If the government theory were admissible, that the disorganized States remain States in the Union, the General government could have nothing to say on the subject, and could no more interfere with elections in any one of them than it could with elections in Massachusetts or New York. But even on the doctrine here defended it can interfere with them only by way of general superintendence. The citizens have, indeed, lost their political rights, but not their private rights. Secession has not dissolved civil society, or abrogated any of the laws of the disorganized State that were in force at the time of secession. The error of the government is not in maintaining that these laws survive the secession ordinances, and remain the territorial law, or lex loci, but in maintaining that they do so by will of the State, that has, as a State, really lapsed.
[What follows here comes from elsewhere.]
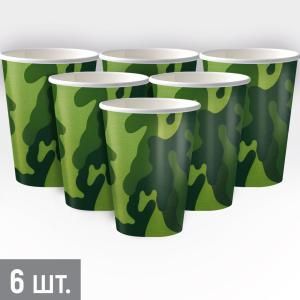 Набор стаканов «Камуфляж»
They do so by will of the United States, which enacted them through the individual State, and which has not in convention abrogated them, save the law authorizing slavery, and its dependent laws.
This point has already been made, but as it is one of the niceties of the American constitution, it may not be amiss to elaborate it at greater length. The doctrine of Mr. Jefferson, Mr. Madison, and the majority of our jurists, would see to be that the States, under God, are severally sovereign in all matters not expressly confided to the General government, and therefore that the American sovereignty is divided, and the citizen owes a double allegiance—allegiance to his State, and allegiance to the United States—as if there was a United States distinguishable from the States. Hence Mr. Seward, in an official dispatch to our minister at the court of St. James, says: "The citizen owes allegiance to the State and to the United States." And nearly all who hold allegiance is due to the Union at all, hold that it is also due to the States, only that which is due to the United States is paramount, as that under feudalism due to the overlord. But this is not the case. There is no divided sovereignty, no divided allegiance. Sovereignty is one, and vests not in the General government or in the State government, but in the United States, and allegiance is due to the United States, and to them alone. Treason can be committed only against the United States, and against a State only because against the United States, and is properly cognizable only by the Federal courts. Hence the Union men committed no treason in refusing to submit to the secession ordinances of their respective States, and in sustaining the national arms against secession.